004:「冬物語(Ⅱ)「ゆるふわ年上天使様」」

 宝多島の主要街道、通称「裏道」。戦国~江戸時代、城下町だった宝多島のメインストリート。距離約二キロメートル、谷川と宝多川の合流地点まで続いている。


 江戸時代までは多くの商家で賑わっていた裏道は、現在観光通りとして数多くのお土産ショップや飲食店が建ち並び世界中からの観光客で賑わっていた。



 俺のアルバイト先は地元ファミレスチェーン「フォーエバーラブ」。昔から地元民に愛されているプチ高級ファミリーレストラン。


 最大の特徴は美味しい料理……ではなく制服、特にウエイトレスの制服は頻繁にリニューアルされ今回もハートマークを大胆にあしらった少々露出度高い系、華やか且つラブい。

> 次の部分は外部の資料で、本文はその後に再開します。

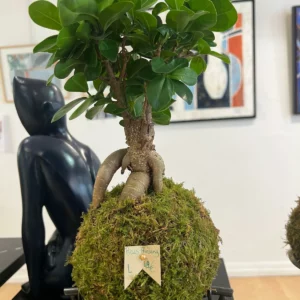 Ficus Ginseng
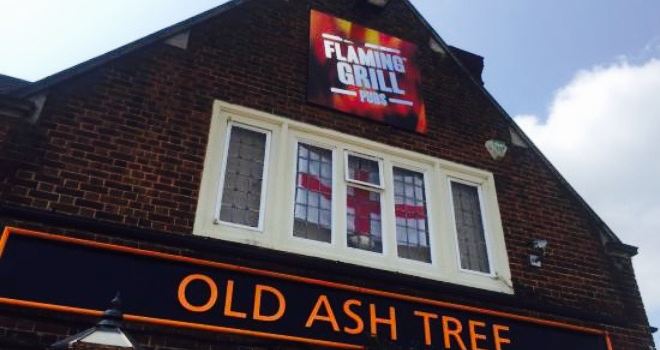Old Ash Tree
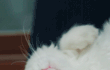 5탄 (사진有) 내애묘소 이런 고양이 만나봤어?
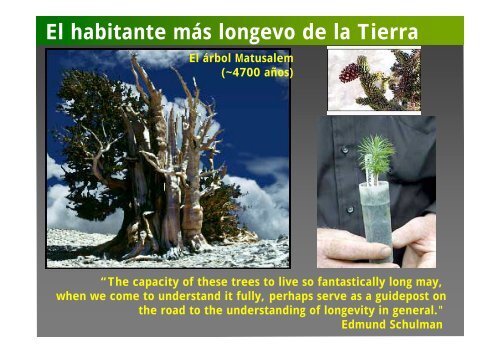 La investigación con plantas transgénicas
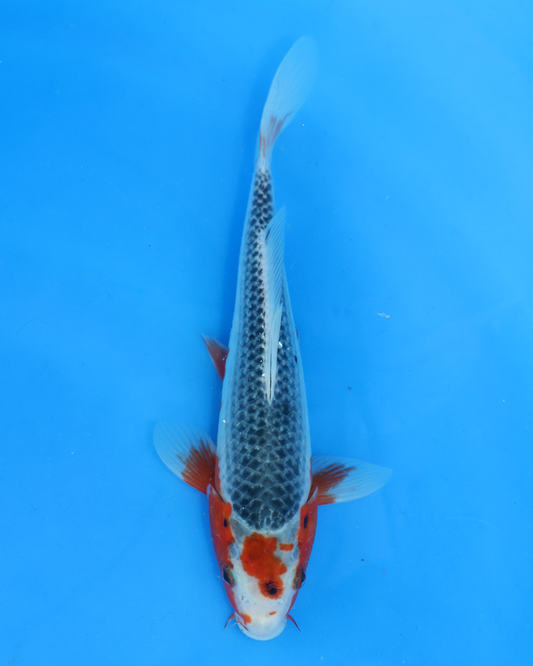 Asagi - Otsuka Koi Farm - Chibi Nisai - 8-10 inches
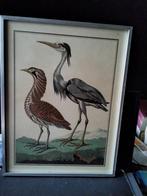 Gravures d'oiseaux, Ophalen of Verzenden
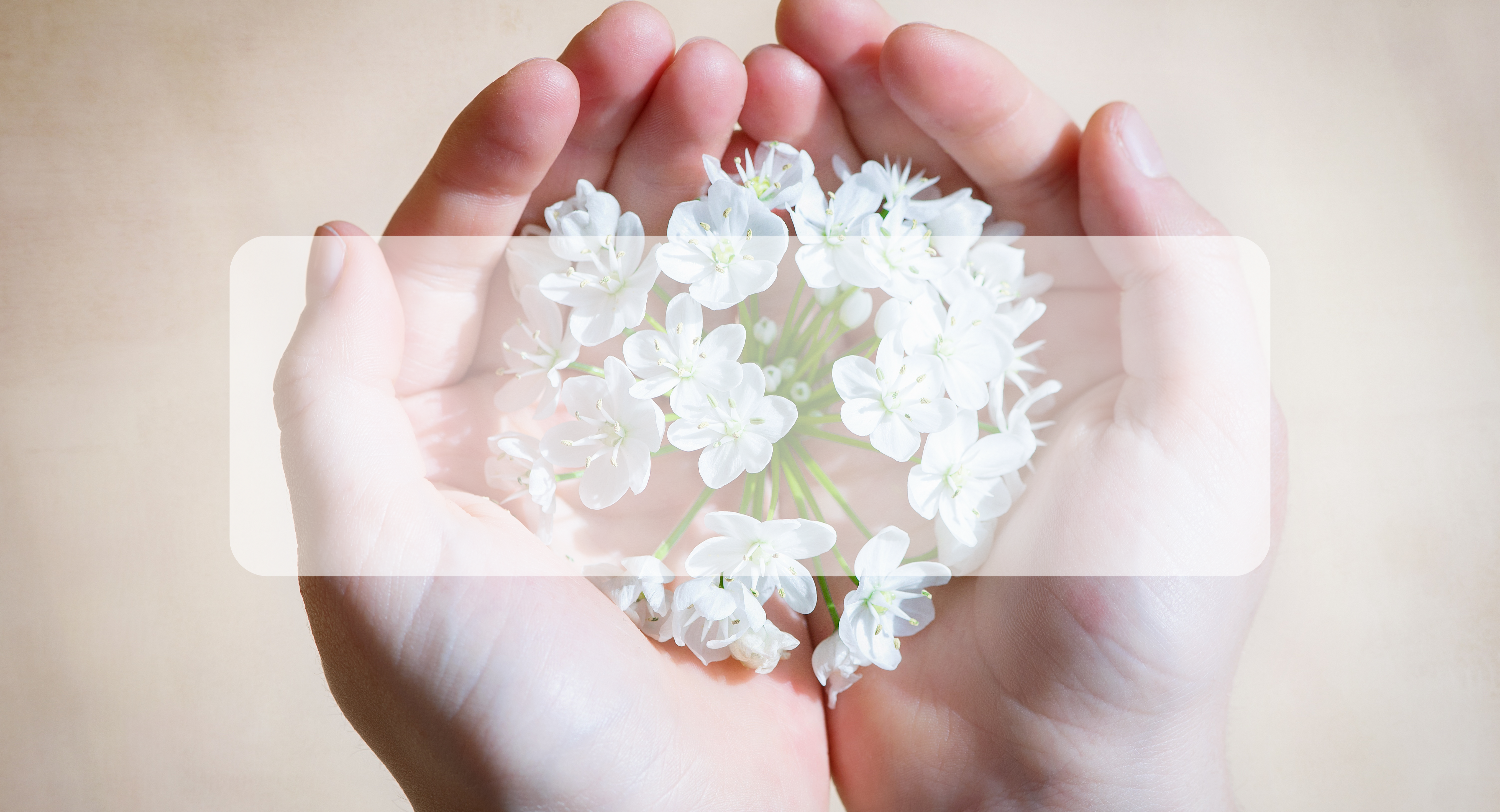 hands holding flowers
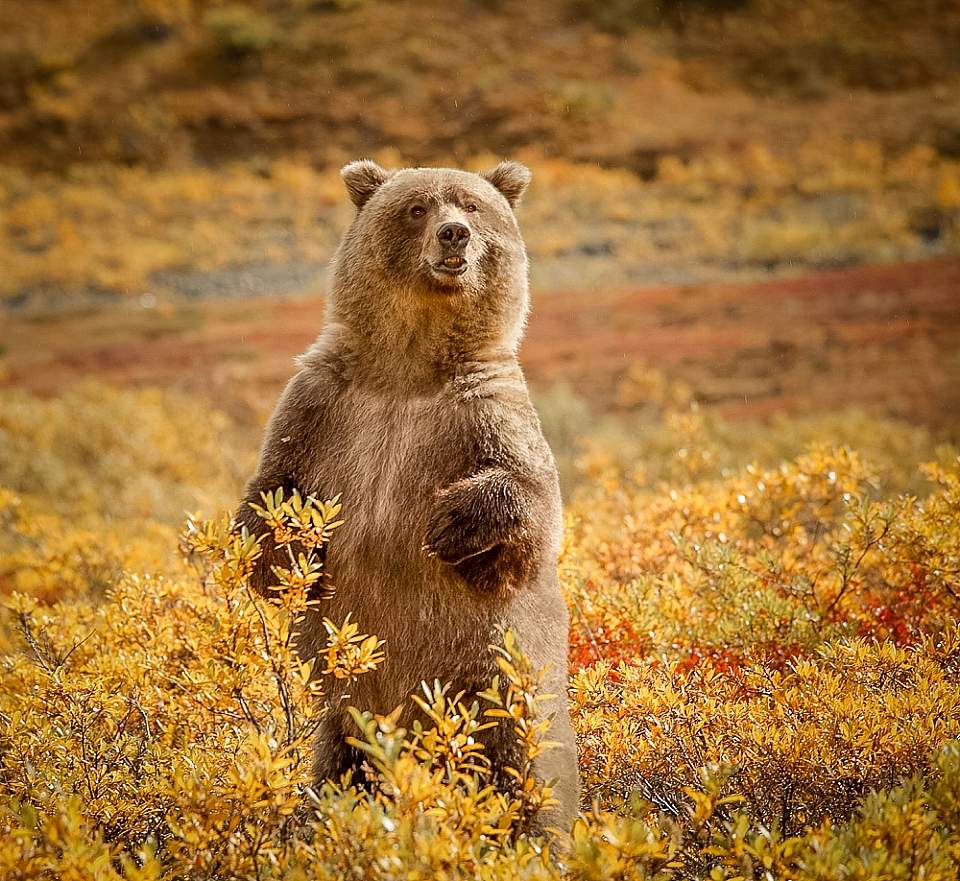 Bear in Tundra Tundra Wilderness Tours i Stock 000017839911 Medium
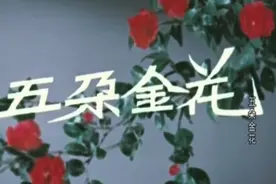 电影《五朵金花》的诞生及拍摄背后的精彩故事视频封面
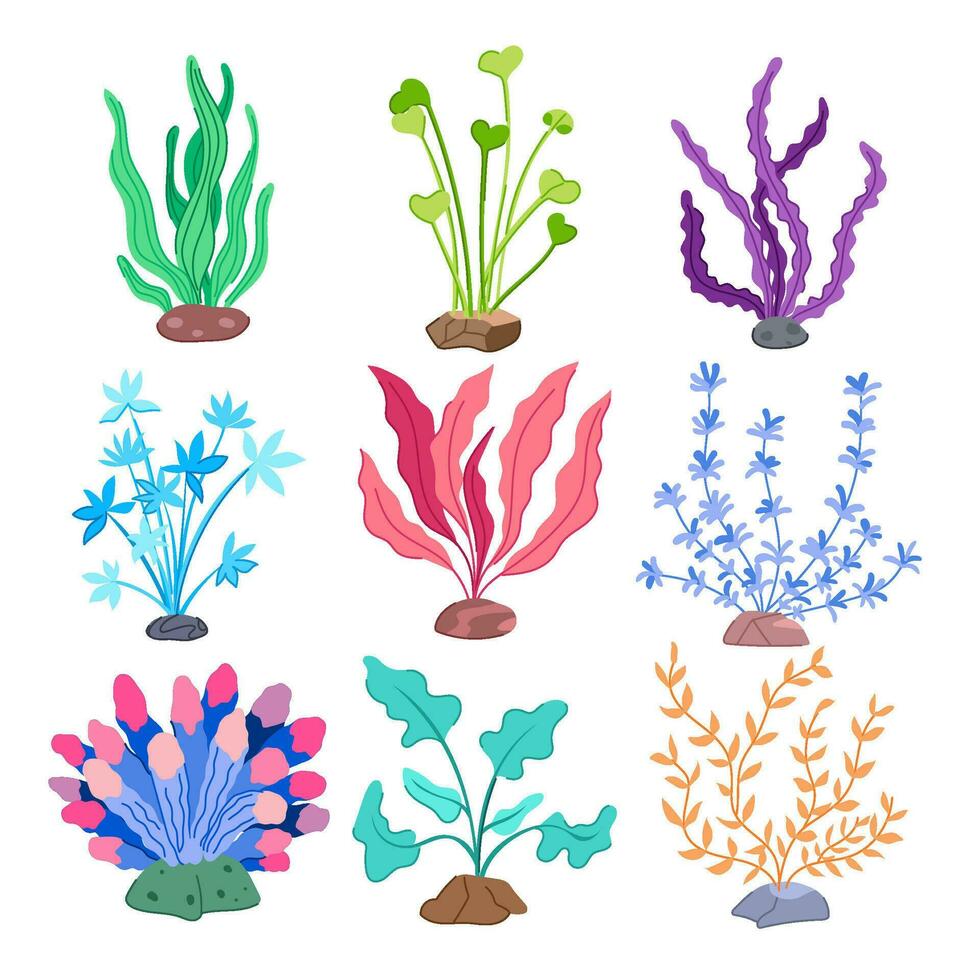 planta de acuario conjunto ilustración vectorial de dibujos animados vector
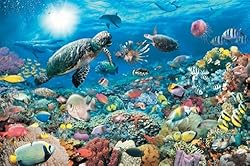 Ravensburger Beneath the Sea - 5000 Piece Puzzle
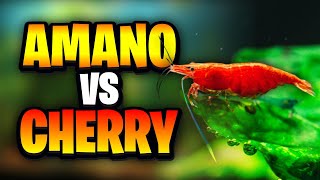 Udang Amano Vs Udang Ceri - Mana Pilihan Terbaik untuk Akuarium Anda?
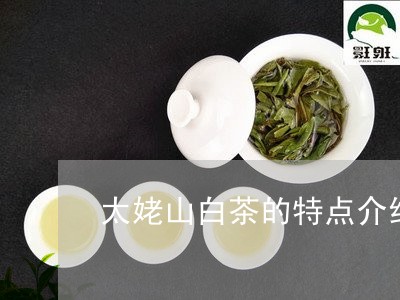 太姥山白茶百科：介绍太姥山白茶是什么茶，功效与作用。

ルッキズム全開。当然女子の採用基準も……ゴホン、ゴホン、失敬。


 しかるに男子にも大人気のバイト先である。ちなみに俺の勤務地は「フォーエバーラブ宝多島店」。宝多島の景観にあわせ日本家屋風の外観となっていた。

「…………」

「はい、はい、申し訳ございません。以後気をつけます」

「…………」

「申し訳ございませんでした」


 溜息、俺は遅刻してしまった。上司にねちっこく嫌みを言われる。何度も謝罪、良い事ね~なぁ~。


 気を取り直しウエイターとしてバイト開始。

「忙しくなりそうだ」


 一人呟く。平日夕方、満席。観光客に交じり地元民にもよく利用されているファミリーレストラン。俺はホールとキッチンを慌ただしく動き回る。


 ******


 休憩中のスタッフ達が店長に呼ばれた。

新人紹介……か」

 大人気のアルバイト先。だが飲食店の常、時給は高いが仕事内容はキツい、アルバイトの入れ替わりも激しい。確かにウエイトレスは可愛い娘が多い。でも元来他人に興味の無い俺にとってはどうでも良い事だった……が。

「……!?」


 休憩室のドアがゆっくりと開いた。真新しい制服を身に纏った新人ウエイトレスが入室。彼女の足音、ヒールが心地よい音色を奏で始める。俺、いや休憩室にいた全員が世界はスローモーションになったかの様な錯覚を覚えた。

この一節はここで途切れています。